A fome em África
A fome é uma realidade que contrasta com os anos áureos, sobretudo das décadas 60 e 70 do século passado, quando África era auto-suficiente e até exportava bens alimentares. Do ponto de vista das circunstâncias que viabilizaram as condições do referido tempo, as coisas não mudaram na medida em que o continente continua a ter as maiores reservas de água do mundo, possui 60 por cento das terras aráveis do planeta, tem uma mão-de-obra jovem em números que "invejam” realidades com quase metade da população envelhecida.
Logo, percebe-se muito pouco porque é que de forma recorrente África enfrenta situações de penúria alimentar, numa altura em que, segundo algumas estimativas avançadas pela ONU, "mais de 14 milhões de pessoas na Somália, Etiópia e Quénia já estão à beira da fome, cerca de metade delas crianças".
Estima a ONU que “esse número aumentará para 20 milhões em meados de 2022 se as chuvas continuarem a escassear, os preços de bens continuarem a subir e os líderes mundiais não aumentarem o financiamento da ajuda para atender às necessidades das pessoas em crise".
Contrariamente aos últimos trinta ou quarenta anos em que a realidade de conflito armado entre Estados e intra-estadual tornavam a fome uma realidade inseparável da instabilidade militar, ultimamente regista-se alguma estabilidade em determinadas regiões do continente. E nestas não se percebe muito bem porque é que milhares de pessoas passam fome, quando possuem à volta água e solo abundante.
Quando se olha para o problema da fome em África encara-se, na maioria das vezes, sob a perspectiva externa no que diz respeito à sua solução, quando os 54 países unidos numa estratégia comum poderiam ser capazes de resolver o problema da fome.

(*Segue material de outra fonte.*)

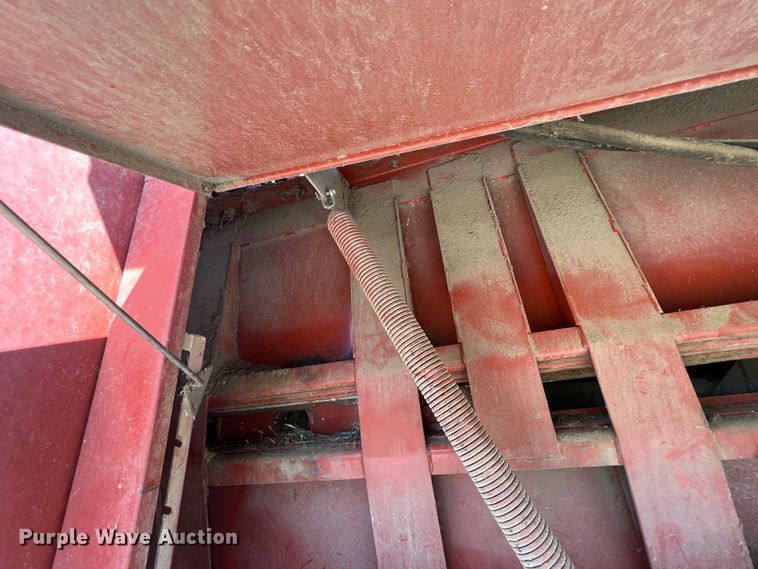 image for item IA9137 2002 Hesston 4910  large square baler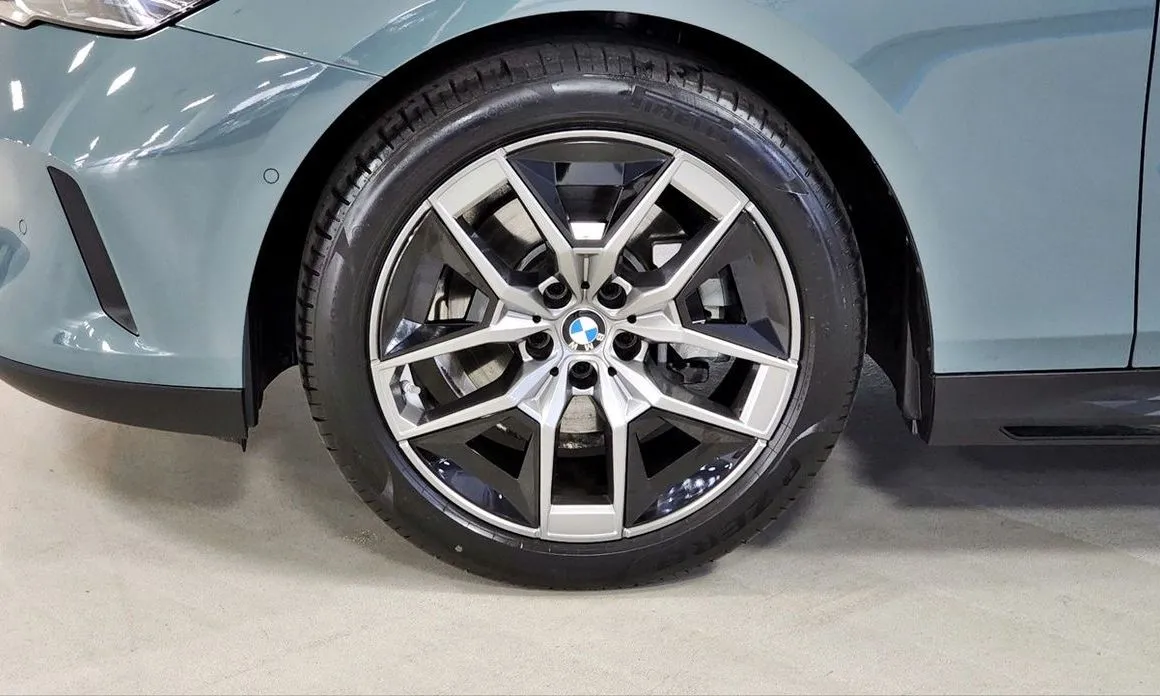 BMW 5-Series 2025 из KR, фото 8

Da mesma maneira como existem regiões gravemente afectadas pela fome, há outras em que, além da superprodução de determinados bens agrícolas, muito desta produção acaba por se deteriorar por várias razões.
Mais do que se olhar para os doadores internacionais, que são parceiros relevantes para o continente, é preciso que as elites políticas africanas gizem estratégias no sentido da busca de soluções africanas para os problemas africanos. Tal como sucede nas questões de conflito, paz e estabilidade, em que as lideranças africanas têm sido relativamente bem sucedidas, com a fome devem igualmente engendrar soluções com políticas públicas consentâneas com a realidade.
Porque é que os países africanos não adoptam, pelo menos pela metade, as recomendações da União Africana no sentido da dedicação de 10 por cento dos orçamentos de Estado à agricultura? Diz-se que seria excessivo para muitos países dedicar 10 por cento do Orçamento Geral de Estado à agricultura, o que pode até ser compreensível, mas o problema, que raia ao absurdo, é o percentual que destinam ao sector tido como estruturante para combater a fome, a pobreza, o desemprego e a exclusão. Aqui é onde reside o problema.
Dificilmente África conseguirá garantir a segurança alimentar se os países não adoptarem estratégias de curto e médio prazo no sentido de colocarem a agricultura na agenda de governação como prioridade, alocando para estes sectores fatias do orçamento que espelhem bem a conjuntura actual de fome em África.